Sorry, I couldn't resist the temptation of being a pedantic formalist.


There exists a rich theory about duality in computation, a forgotten twin of lambda calculus: sequent calculus https://ps.cs.uni-tuebingen.de/publications/ostermann22intro... I recommend you check it out if you are at least a little curious about duality in programming.

I've been thinking about duality at the core of programming language design for a while now. Motivated by asynchronous computation and mainly focused on the question: How to build programming abstractions from input-output-duality? It is fascinating seeing the common abstractions just naturally evolve from there.

As a preliminary result I wrote a theory of computation: http://perma-curious.eu/e3lli/core/ It describes how to go from input-output-duality to an advanced lisp dialect.


That author has a bit of a misunderstanding about Lisp:

"Lisp evaluation works by mutual recursion of eval and apply. Eval looks at an expression and if it is a function application it calls apply. Apply in turn calls eval on the arguments and invokes its function on them. This is call-by-value."

In classical Lisp and its descendants, apply is a function. Indeed, the paradigm is call by value, and therefore that function receives all of its arguments already evaluated.

When eval determines that its input form is a function call, it recurses first on eval to evaluate the argument expressions to a list of values. It then uses apply, which is a function which takes two arguments: the function to be applied, and a list object of values to be the arguments. apply doesn't do any evaluating, just the binding of the function to the arguments. eval needs this API, without which it has no way to pass a dynamically constructed argument list to a function.

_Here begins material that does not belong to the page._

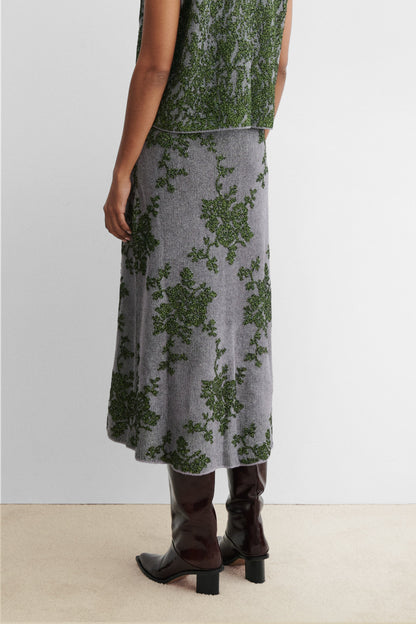 Broccada Skirt Dove-Green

It's not clear if there is a meaningful duality there; apply is a service required by eval. eval is not required by apply. apply can be written in terms of eval, but that eval cannot then use that apply. Also, it's mildly ugly, because apply has to carefully add quotes to the argument material to prevent eval from evaluating it again, so that just the desired effect is obtained of a function application and no other evaluations.


I tried digging through both the article, SICP and your comment, and here are my thoughts: I think both statements are correct in their context.

The perma-curious.eu article is right about the eval-apply cycle as presented in SICP. The SICP metacircular evaluator presents eval and apply as two mutually recursive procedures that form the core of a Lisp interpreter. In this implementation, apply does evaluate arguments indirectly through eval. The mutual recursion between eval and apply is indeed fundamental to Lisp, and it's clearly explained in the "wizard book". The call-by-value evaluation strategy is also correctly described - arguments are evaluated before being passed to functions. This eval-apply cycle forms the essence of Lisp's execution model.

But your comment is also valid, your correction is more precise:

- apply is indeed a function that takes already-evaluated arguments

- eval does the evaluation of arguments before calling apply

- apply simply binds and executes the function with its arguments

- The relationship isn't truly dual - apply depends on eval, but not vice versa

I think the confusion came from conflating the built-in apply function with the apply procedure used in implementing an interpreter.


SICP is not the horse's mouth in this matter, and doesn't purport to be. It's presentations are designed to suit its pedagogical aims, not to build up a historically accurate Lisp.

Last I heard, they supposedly rendered the book and course into Python.


A formal account regarding what the author puts as effects and pre conditions https://arxiv.org/abs/1001.1662


The reason null values are a problem is because most compilers do not track the difference between a nullable and a nonnullable type. If they would, then null values would indeed be similar to Nothing in the maybe type.


The tag in tagged union is an implementation detail.